# Need great advice!



## doggielover2011 (Mar 11, 2009)

So i have been dating my boyfriend on and off for about 4 years. I met him when i was 15 years old and he is the only one i think of being with for the rest of my life. we have been through a lot together, 2 long distance relationships (in the proccess of the second one now) and a very very hard loss of his grandmother. we have the normal problems like any other couple except i cannot get past my problem...
i think with all this distance, and us being together for so long, i feel that i deserve to be first, considering what i have done for him, in the past present and future..but i feel that i am last. In fact, to be honest..i am very jealous of his family..when i first starting dating him, i just figured he was just regular guy with a dysfuncational family..now he seems like a mamas boy.he told me one time that his mother is the only women he will ever love..i picture eventually you know having a succesful career, getting married and having children. he is 19 and all he can think about is paint ball. i love this guy with all my heart.. i really don't want to give up, but i mean he doesn't know what to do with the rest of his life, just like his family, and i have been chosen over millions of things many many times...its like i don't know how to let go.. but when were actually together, he is the perfect dream. two completely different people..in one mind.. i dunno what to do..or how to get over my jealously of his friends and family..i feel that they have the spot in his heart where a wife or a long term girlfriend..i want to be first in someones life...and i want to first in his life. only his.. so can someone please help me???


----------



## marina72 (Dec 29, 2008)

"he told me one time that his mother is the only women he will ever love.."

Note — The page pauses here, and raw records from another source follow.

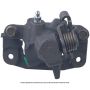 CARDONE Reman 19-B1220 Remanufactured Unloaded Caliper w/Bracket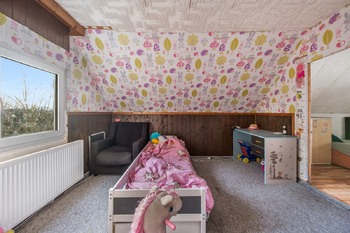 Prodej domu 204 m², Hluboš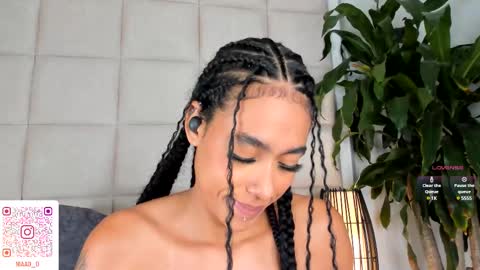 Nia online show from 27, 2, 2025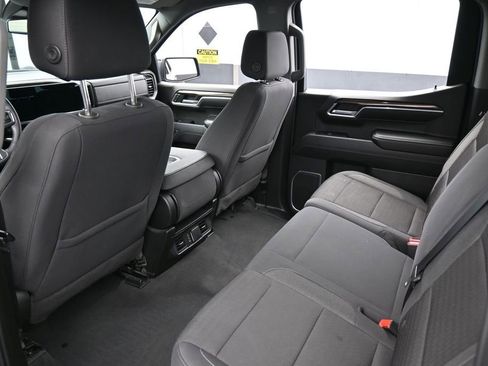 Used 2024 Chevrolet Silverado 1500 LT RWD image 34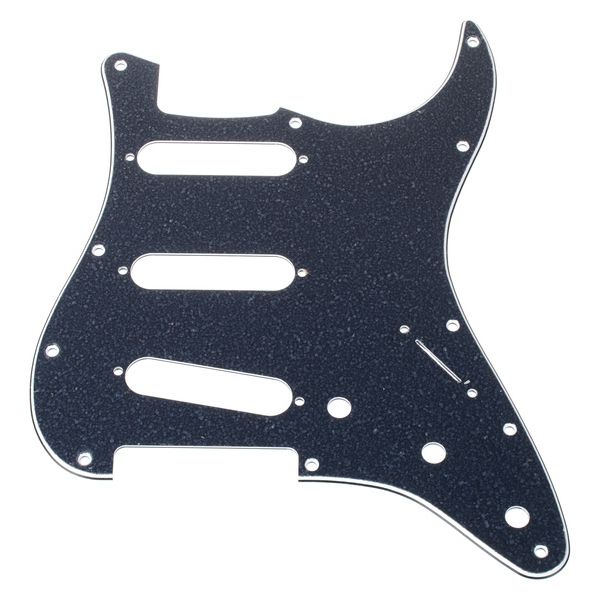 dAndrea ST-Style SSS Pickguard BKS
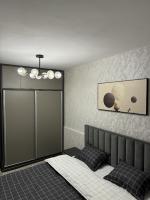 Grand Mir Hotel Nearby Luxury Apartment - Ferienwohnung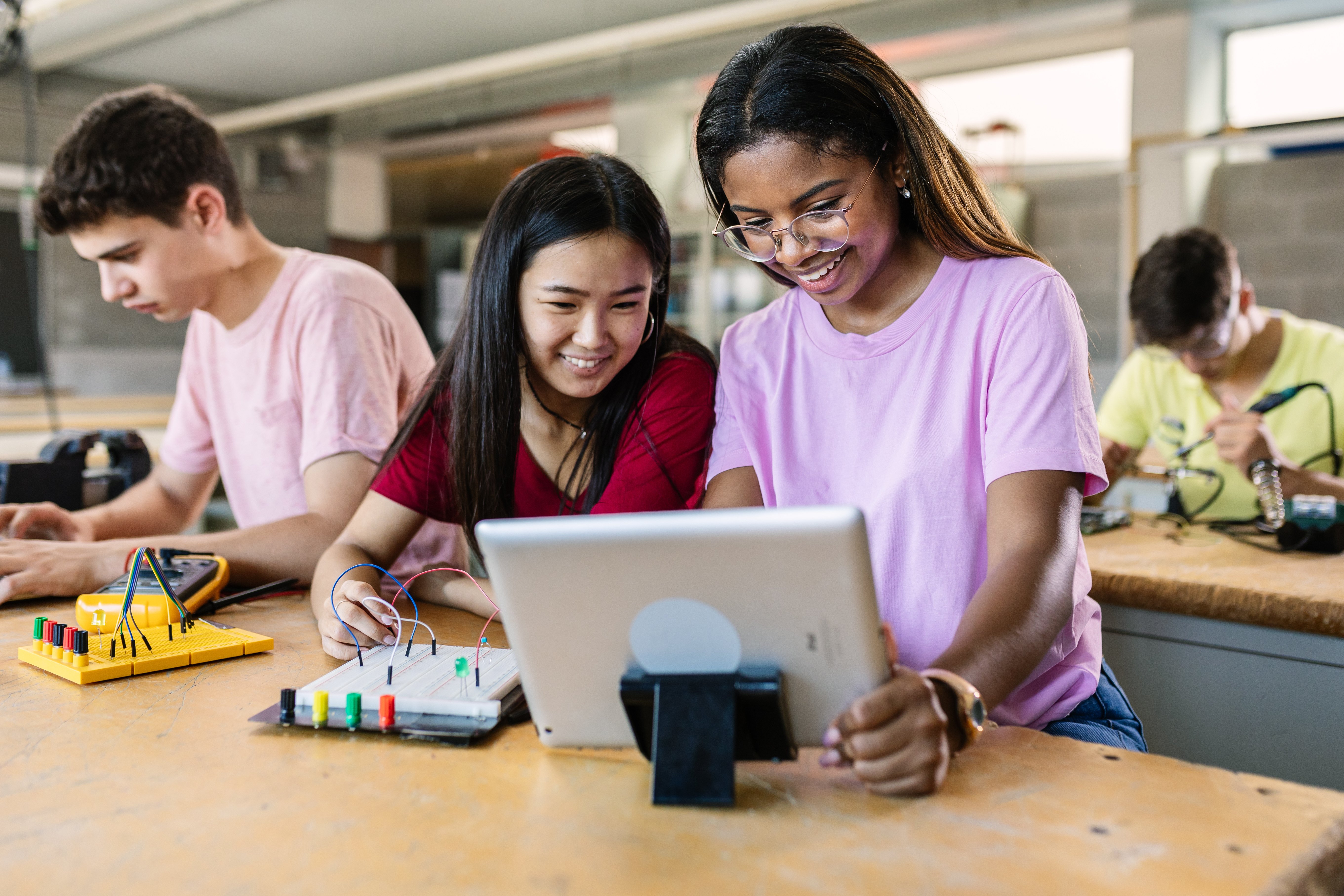 The Ultimate Guide to Universal Design for Learning (UDL)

Honey, this is just creepy. I think it's great when a guy really loves his Mom, but saying something like that? And then showing through actions that it's pretty accurate? You're soooo young, believe me, you're only 19, there will be other men. And likely better ones. I'm sorry, but after all you've done for him, if he is still acting like a 12 year old boy, obsessed with paint ball and his Mommy.... I'd take a hike. 

That's just my opinion. Most certainly Please Please don't marry this guy, till he grows up, a LOT! haha.... and definitely make sure you don't get pregnant by accident, as that Never fixes any relationship problem, it only makes it worse, and then there's an innocent child involved. I'm not saying you would do that, or that you are irresponsible, I'm just putting that in there.

I'd tell him to grow up, make me a priority, or take a hike. There's no reason for you to think he's the be all end all.... you're still a teenager, and will probably love a lot more deeply, before you ever find a man to marry.. Take life slowly!


----------